● Task prompt
As the answer, give exactly the lines of the records below from the one with "Princess Noriko shows" through the one with "アンティークレースラペット2つ/dentelle ancienne/antique lace", ends included and pictures left out.

● Source data

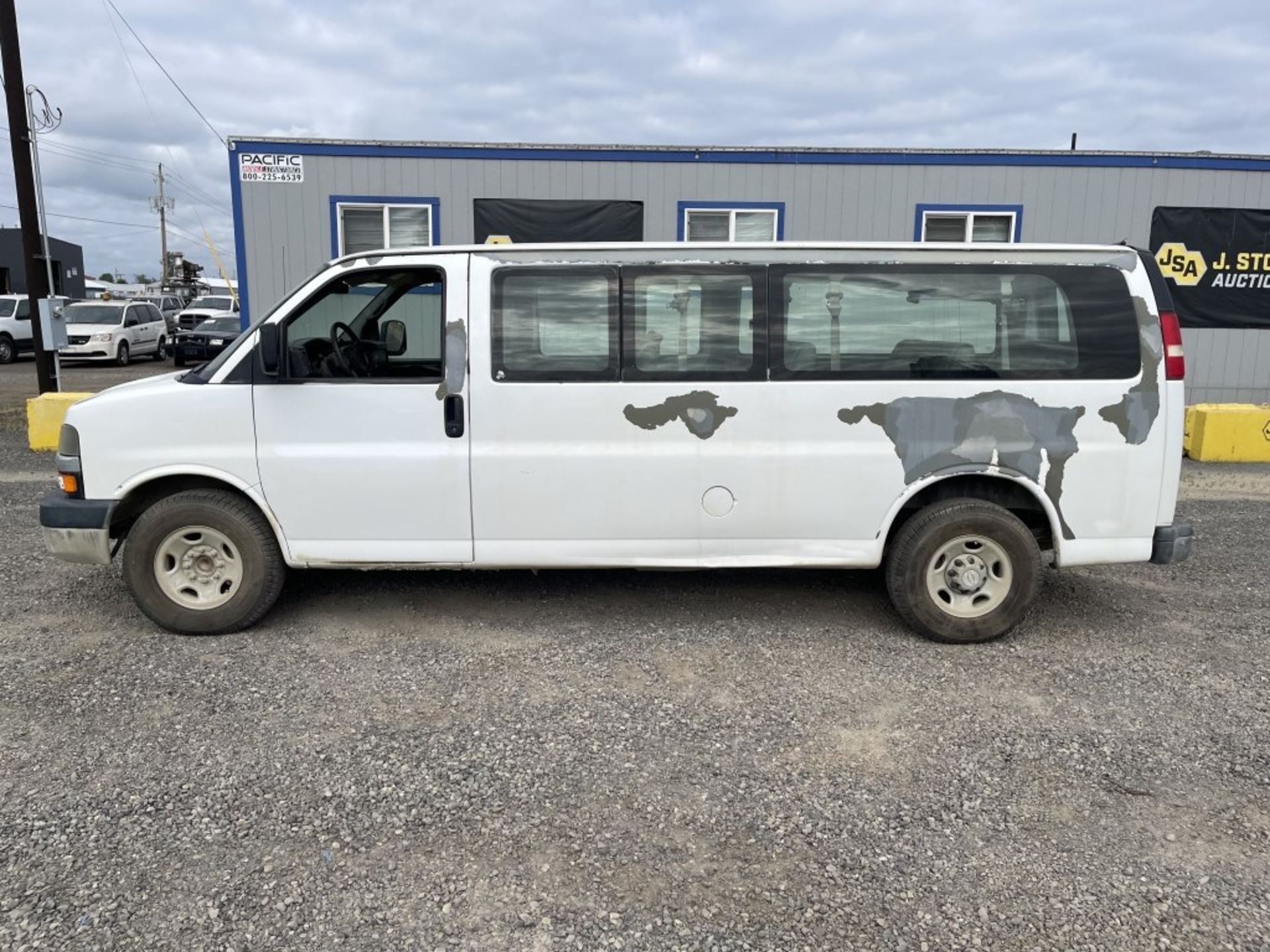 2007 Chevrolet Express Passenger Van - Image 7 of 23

---

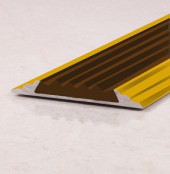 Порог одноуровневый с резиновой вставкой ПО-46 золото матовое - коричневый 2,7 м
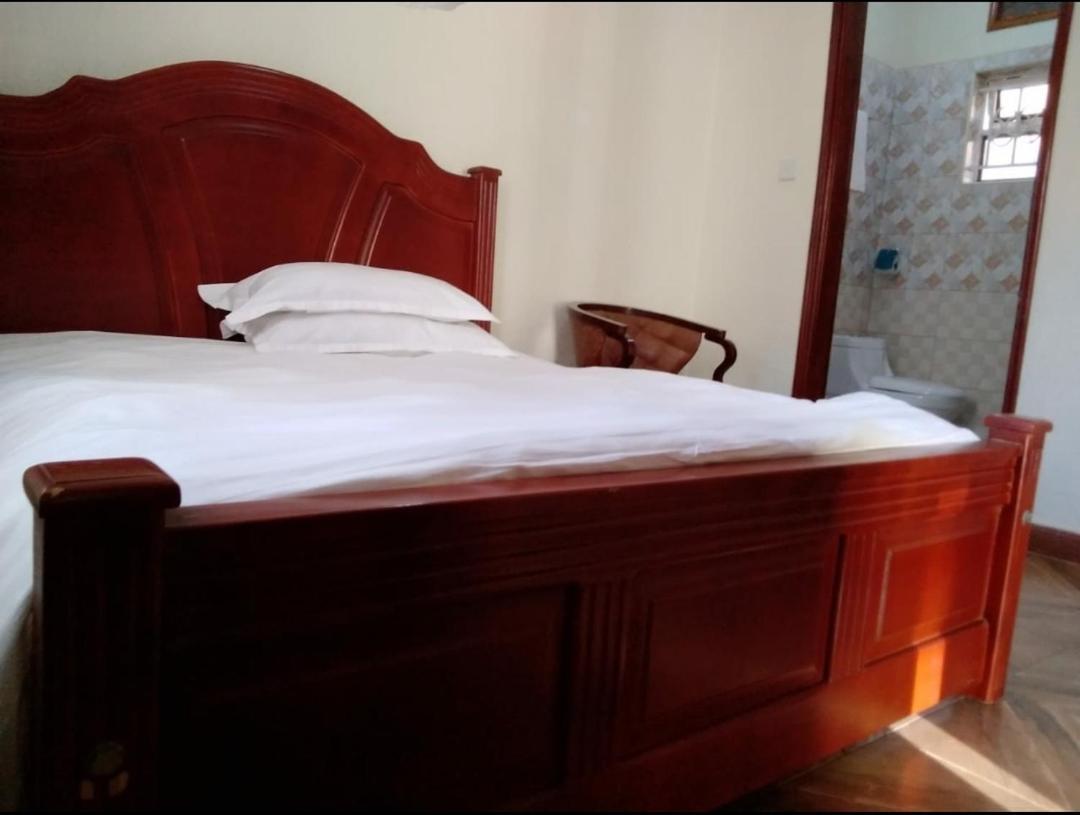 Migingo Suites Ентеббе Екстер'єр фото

---

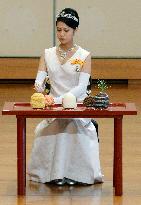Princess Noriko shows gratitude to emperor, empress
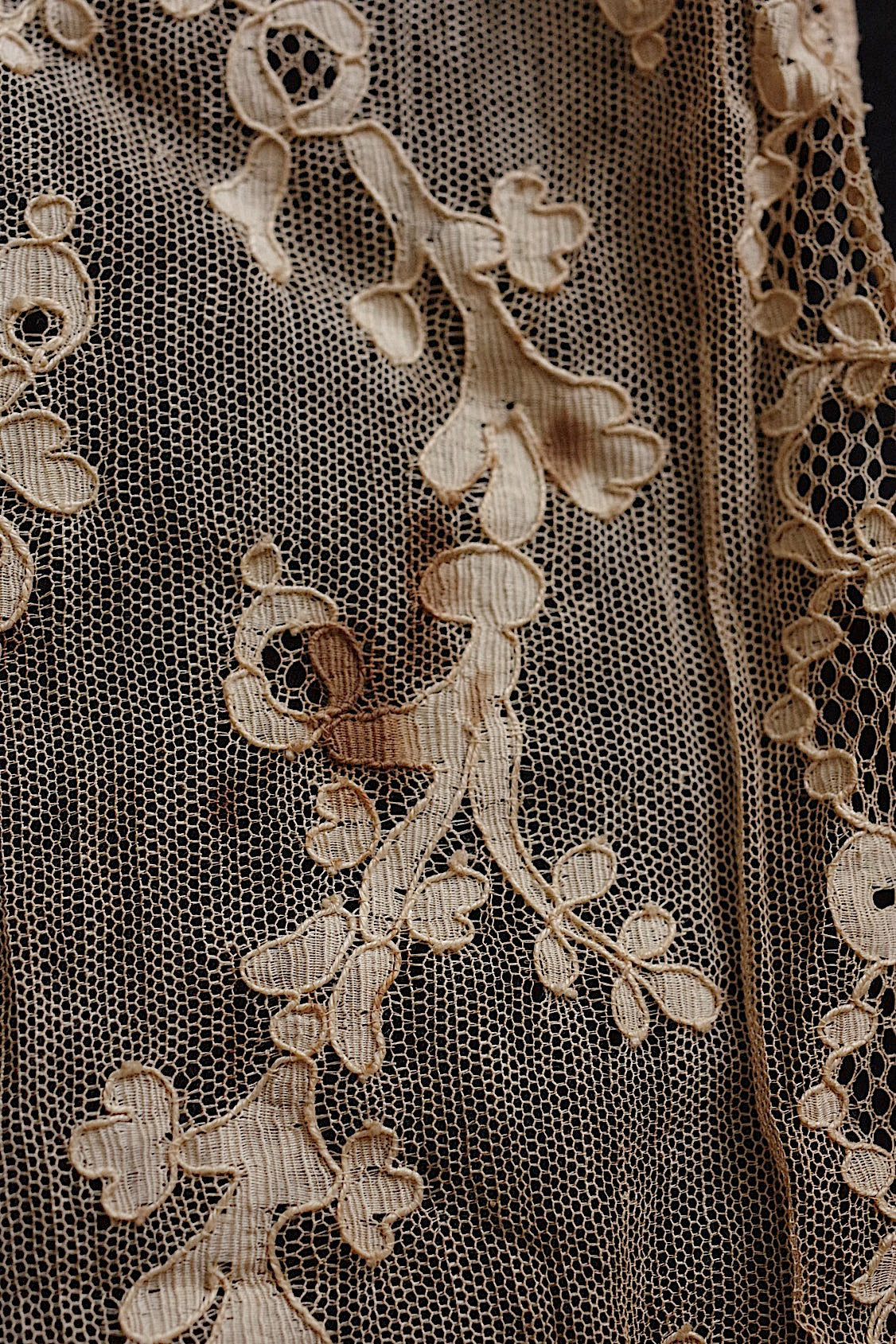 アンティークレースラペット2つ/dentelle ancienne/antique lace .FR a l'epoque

● Your solution
Princess Noriko shows gratitude to emperor, empress
 アンティークレースラペット2つ/dentelle ancienne/antique lace .FR a l'epoque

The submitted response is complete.